Mataram (NTBSatu) – Forum Indonesia untuk Transparansi Anggaran (FITRA) NTB menilai, penyusunan APBD Provinsi Nusa Tenggara Barat (NTB) Tahun 2025 dengan kecepatan luar biasa. Jika tahun-tahun sebelumnya, pembahasannya pada November, tahun ini lebih cepat dari biasanya.
Namun, alih-alih mencerminkan perencanaan yang lebih matang, percepatan ini justru menyisakan banyak tanda tanya. Apakah ini untuk kepentingan rakyat atau hanya akal-akalan elit politik menjelang pergantian pemerintahan.
Direktur FITRA NTB, Ramli Ernanda menilai, percepatan pembahasan APBD 2025 bukan karena komitmen terhadap tata kelola yang lebih baik. Melainkan karena dorongan kepentingan politik anggota DPRD periode 2019-2024 yang ingin merampungkan anggaran sebelum masa jabatan mereka berakhir.
Yang lebih mengkhawatirkan, percepatan ini justru beriringan dengan minimnya transparansi dan nihilnya partisipasi publik.

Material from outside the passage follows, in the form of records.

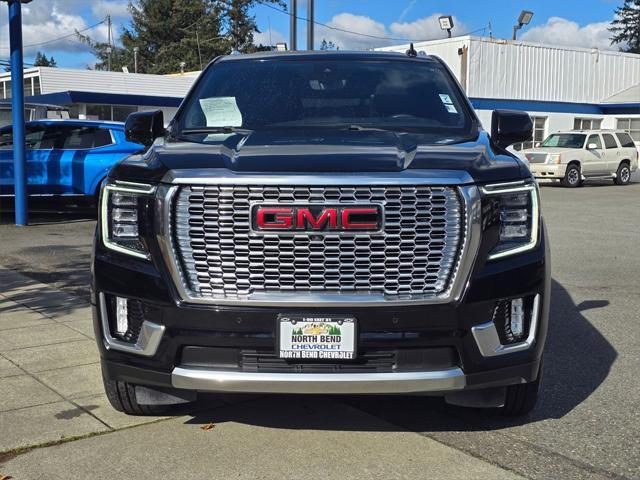 used 2021 GMC Yukon car, priced at $56,500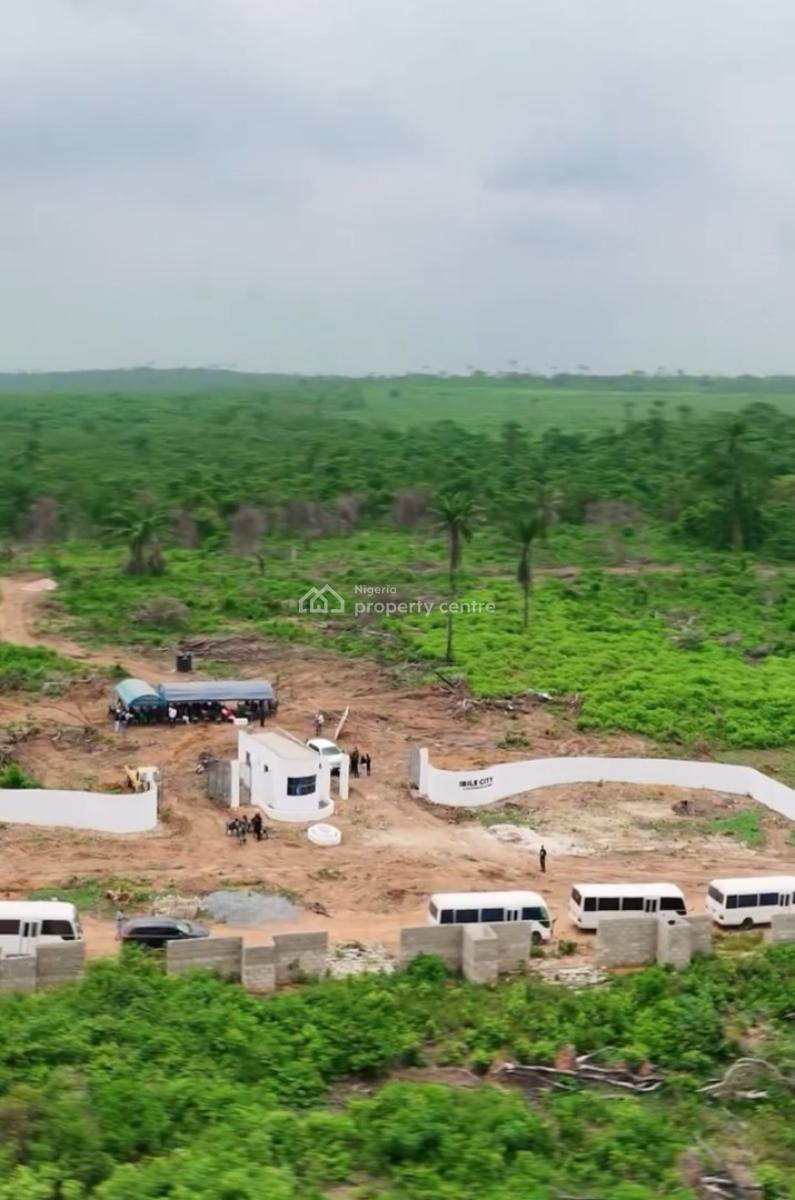 Affordable Land in Imota Ikorodu, a C of O Land Black Friday Promo Price 500k per Plot, Imota, Ikorodu, Lagos, Residential Land for Sale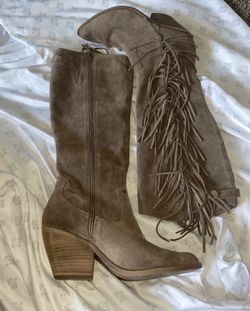 Carlos Santana Western Boots 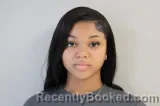 Mugshot of Jayda Y Lucas booked in Wilson County, Tennessee on September 22, 2026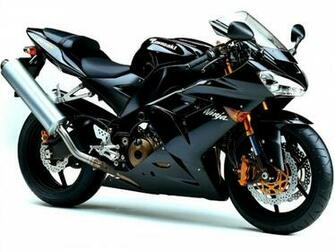 Kawasaki Ninja X Close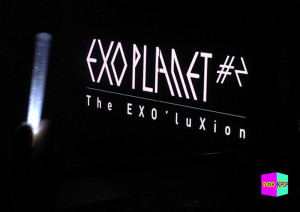 EXO'luXion in LA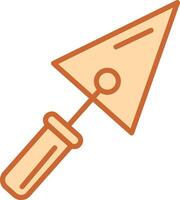 Spatula Vector Icon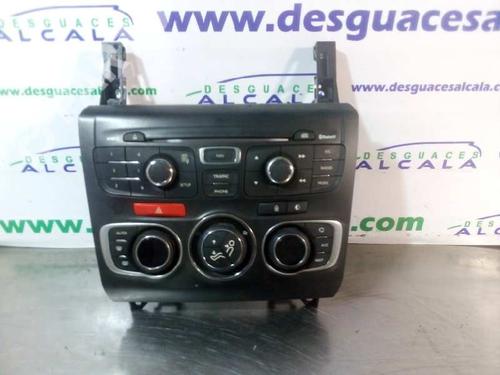 Used Climate control Climate control CITROËN DS4 (NX_) [2011-2015] 9994078 9994078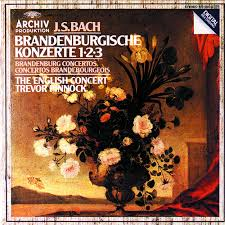 Bach - Brandenburg Concertos Nos. 1-3 (CD)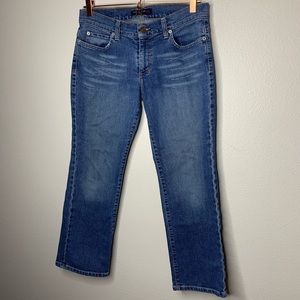 AEO Ankle Jeans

“Cepat saja tidak cukup. Tanpa transparansi dan partisipasi, APBD bisa menjadi alat transaksi politik. Bukan instrumen pembangunan yang berpihak pada rakyat,” tegas Ramli Ernanda.
Ruang Gelap APBD
FITRA NTB mencatat, apabila perbandingannya tahun-tahun sebelumnya, transparansi penyusunan APBD 2025 justru semakin buruk.
Informasi anggaran sengaja mereka tutup, dan membiarkan masyarakat buta terhadap bagaimana daerah mengelola keuangan.

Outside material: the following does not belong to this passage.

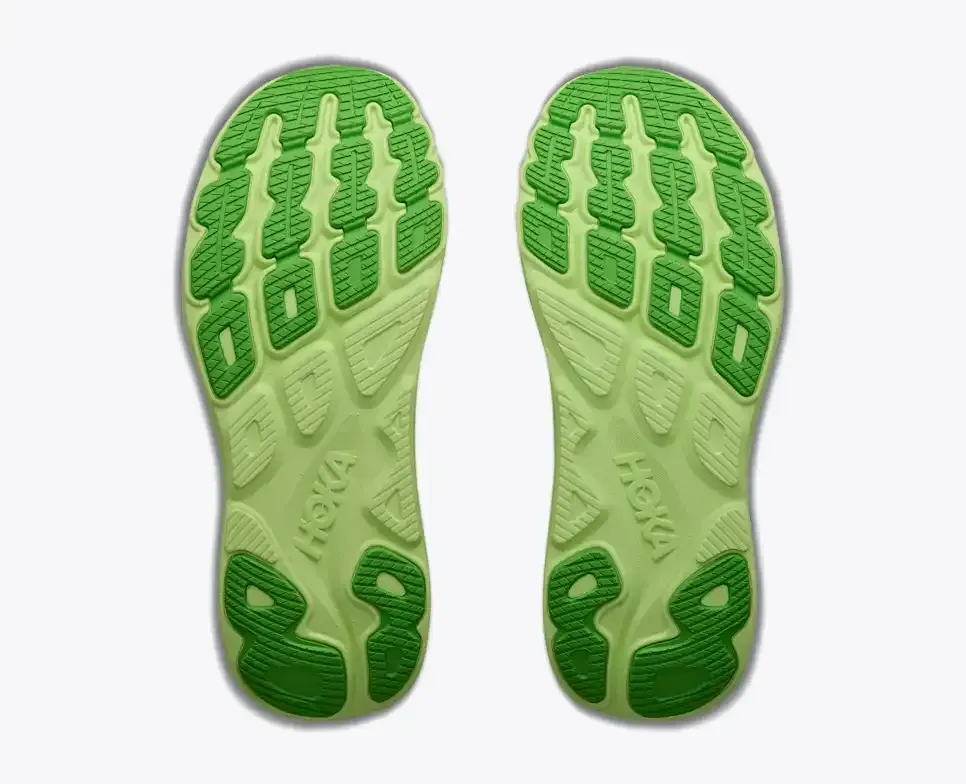 HOKA Rincon 5 Frost Black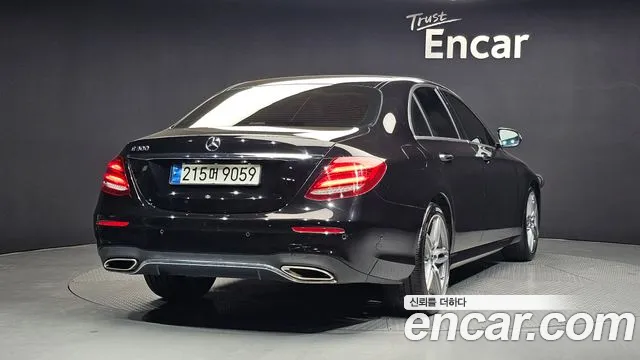 Mercedes-Benz E-Class 2019 — фото 2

Satu-satunya dokumen yang bisa publik akses, adalah Rancangan APBD (RAPBD). Itu pun baru dipublikasikan oleh Badan Pengelola Keuangan dan Aset Daerah (BPKAD) NTB pada 2 Januari 2025 atau empat bulan setelah pembahasan selesai.

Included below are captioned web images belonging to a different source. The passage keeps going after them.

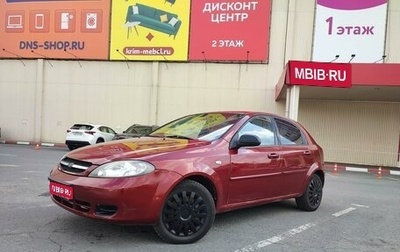 Chevrolet Lacetti, 2007 год, 430 000 рублей, 1 фотография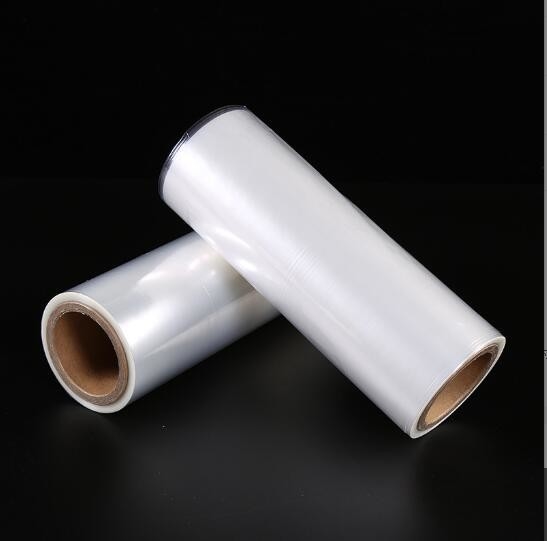 POF Shoe Heat Shrink Film Blister Bag Transparent Packaging Cosmetic Plastic Pof Heat Shrink Film Bag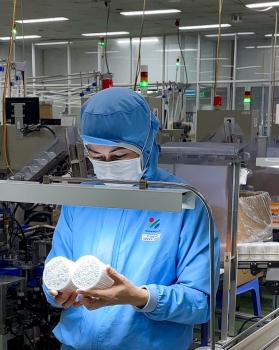TUYỂN GẤP: CÔNG NHÂN SẢN XUẤT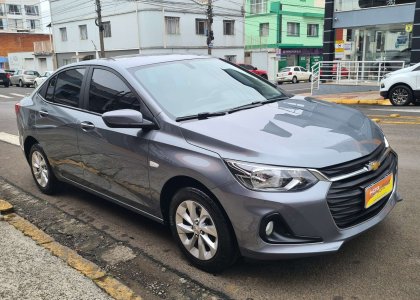 Chevrolet Onix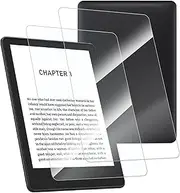 Hodeoo Anti-Glare Matte Screen Protector Compatible with7" Kindle Paperwhite 2024 Models(12th Generation, 2024) Premium PET Film, Full-Coverage-2 Pack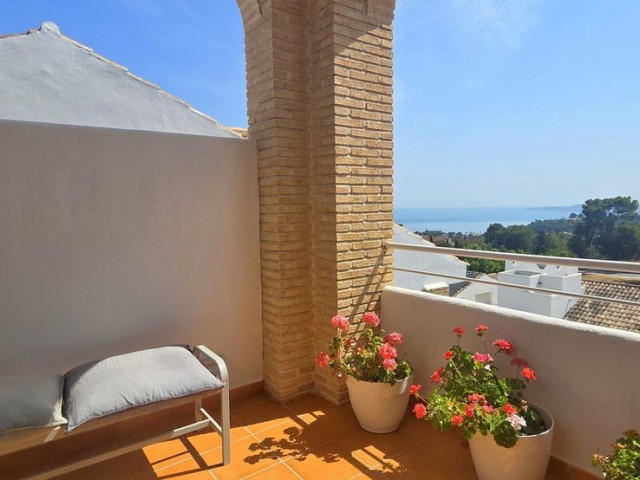 4 Soveroms Villa i Benalmadena Pueblo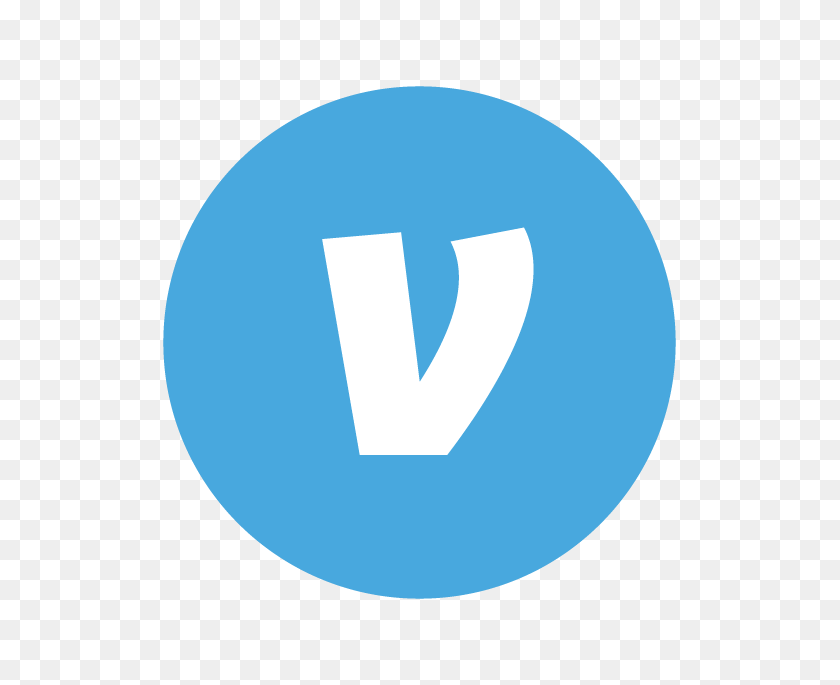 625x625 Posible + Venmo En Sorprendentemente - Venmo Png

Sementara itu, dokumen KUA-PPAS dan RKPD, yang menjadi landasan utama perencanaan anggaran, tidak pernah dipublikasikan.
“Ini bukan sekadar kelalaian, tapi indikasi kuat bahwa pemerintah sengaja menghilangkan kontrol publik terhadap proses anggaran. Bagaimana mungkin masyarakat bisa mengawasi jika informasi dasar saja tidak tersedia ?,” kritik Ramli.
Hak Istimewa Elite, Rakyat Dikesampingkan
Tidak hanya soal transparansi, proses penyusunan APBD NTB 2025 juga sepenuhnya eksklusif.
Seperti tahun-tahun sebelumnya, masyarakat tidak mendapat ruang sedikit pun untuk berpartisipasi dalam penyusunan anggaran.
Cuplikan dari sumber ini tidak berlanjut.